Publié par l’Observatoire régional de l’énergie et du climat (OREC) de Guadeloupe, le Bulletin de l’énergie – semestre 2 2025 dresse un état des lieux précis des évolutions énergétiques du territoire.
Production électrique, montée des renouvelables, consommation de carburants, mobilités : le document offre une lecture chiffrée des transformations en cours, mais aussi des limites structurelles persistantes.
Une production électrique quasi stable, portée par une hausse des renouvelables
Au second semestre 2025, 859 GWh d’électricité ont été livrés au réseau, soit une légère baisse de -1% par rapport à 2024.
Dans le même temps, la part des énergies renouvelables progresse nettement :
- 32% du mix électrique, soit 271 GWh
- une hausse de +4 points en un an
Cette évolution traduit une dynamique réelle, mais encore insuffisante au regard de l’objectif affiché : atteindre 100% d’énergies renouvelables d’ici 2028.
Dans les faits, 68% de l’électricité reste d’origine fossile, ce qui souligne la dépendance persistante du territoire.
Photovoltaïque et biomasse tirent la croissance des énergies renouvelables
La progression des renouvelables repose sur des leviers bien identifiés.
La production d’électricité verte augmente de +46 GWh, soit +20% sur un an.
Dans le détail :
- Biomasse importée : +69% (substitution du charbon par des pellets de bois à la centrale du Moule)
- Photovoltaïque : +24% (ensoleillement favorable et nouvelles capacités installées)

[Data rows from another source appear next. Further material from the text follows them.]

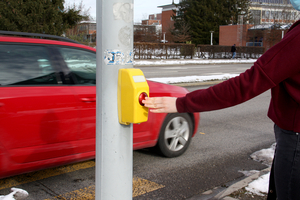 The risk that traces of coronavirus on a traffic-light button will be sufficient to cause infection – before pedestrians next wash their hands (!) – is very low. (Photo: Eawag, Andri Bryner)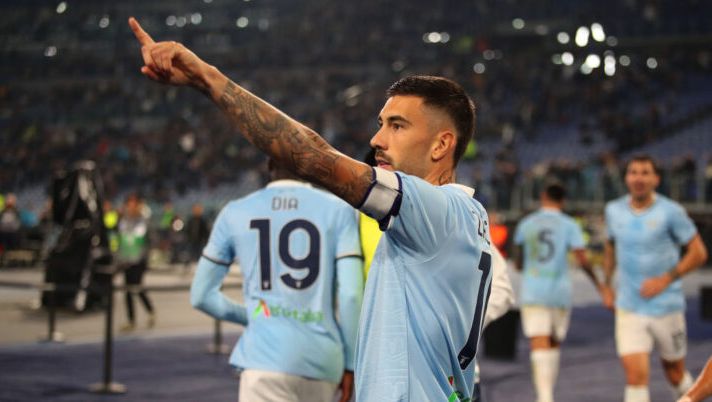 ROME, ITALY - NOVEMBER 04: Mattia Zaccagni of SS Lazio celebrates after scoring the teams second goal from penalty spot during the Serie A match between SS Lazio and Cagliari at Stadio Olimpico on November 04, 2024 in Rome, Italy. (Photo by Paolo Bruno/Getty Images) Zaccagni: “Settimana impegnativa col virus, onorato di essere capitano! Il rigore…” - immagine 1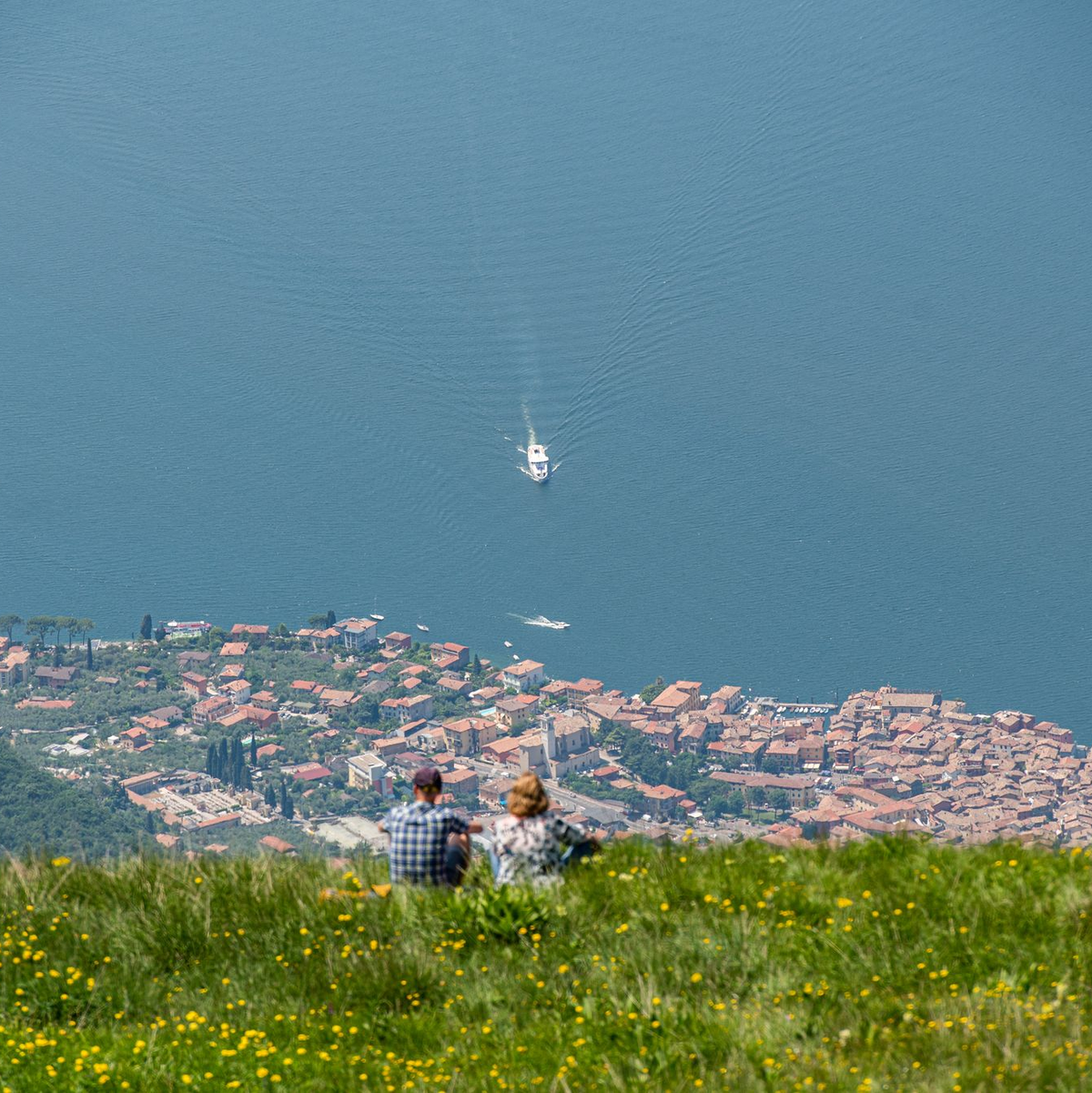 Am Gardasee, der bei Deutschen besonders beliebt ist, gibt es einen schweren Ausbruch des Norovirus. - Foto: Daniel Reinhardt/dpa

- Hydraulique : +28% (effet d’une pluviométrie élevée et d’une nouvelle installation)
À l’inverse, certaines filières reculent :
- Géothermie : -8%
- Biogaz : -20%
- Bagasse locale : -17%, en raison d’une campagne sucrière écourtée
Le mix renouvelable reste dominé par la biomasse (importée notamment), devant le solaire, ce qui pose la question de l’autonomie réelle du modèle énergétique.
Météo, tourisme, prix : les facteurs qui influencent la consommation
La légère baisse de la production électrique s’explique en partie par des facteurs conjoncturels. Selon les données présentées :
- moins de jours et de nuits de forte chaleur qu’en 2024
- températures globalement plus faibles sur la période.

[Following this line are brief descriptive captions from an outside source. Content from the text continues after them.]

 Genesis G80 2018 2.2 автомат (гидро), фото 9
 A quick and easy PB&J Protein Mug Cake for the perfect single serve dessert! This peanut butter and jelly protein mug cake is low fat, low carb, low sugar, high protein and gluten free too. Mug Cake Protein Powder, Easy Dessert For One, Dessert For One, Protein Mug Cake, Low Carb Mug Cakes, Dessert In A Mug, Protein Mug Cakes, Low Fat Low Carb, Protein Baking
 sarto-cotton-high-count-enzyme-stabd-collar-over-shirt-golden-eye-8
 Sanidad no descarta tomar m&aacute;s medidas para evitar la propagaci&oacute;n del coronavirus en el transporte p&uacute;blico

Or, dans un territoire tropical, la climatisation reste un déterminant majeur de la consommation électrique.
Autre facteur : stabilité de l’activité touristique, avec un taux d’occupation hôtelier en léger recul de -1%.
Enfin : baisse du tarif réglementé de l’électricité de -2,5% en août 2025.
Ces éléments combinés contribuent à une consommation globalement contenue.
Carburants : une baisse modérée, mais un poids toujours dominant
Le transport routier reste un point critique. Au second semestre 2025 :
- 1 440 GWh de carburants consommés
- soit une baisse de -2,8%.
Sur le long terme, le transport routier représente 62% de la consommation totale de carburants du territoire. Cette légère diminution s’explique notamment par :
- la hausse du prix du gazole (+2,5%)
- la progression du parc hybride.
La dépendance aux carburants fossiles reste donc structurelle.
Mobilités : recul du véhicule électrique et du covoiturage
Contrairement aux objectifs affichés, les indicateurs de mobilité durable reculent.
- 582 véhicules électriques neufs vendus
- 7% de part de marché
- en baisse de 2 points.
Plus marquant encore :
- -31% pour les véhicules rechargeables
- -8,2% sur l’ensemble du marché automobile
Le covoiturage suit la même tendance : -44% sur le semestre malgré 8 tonnes de CO₂ économisées.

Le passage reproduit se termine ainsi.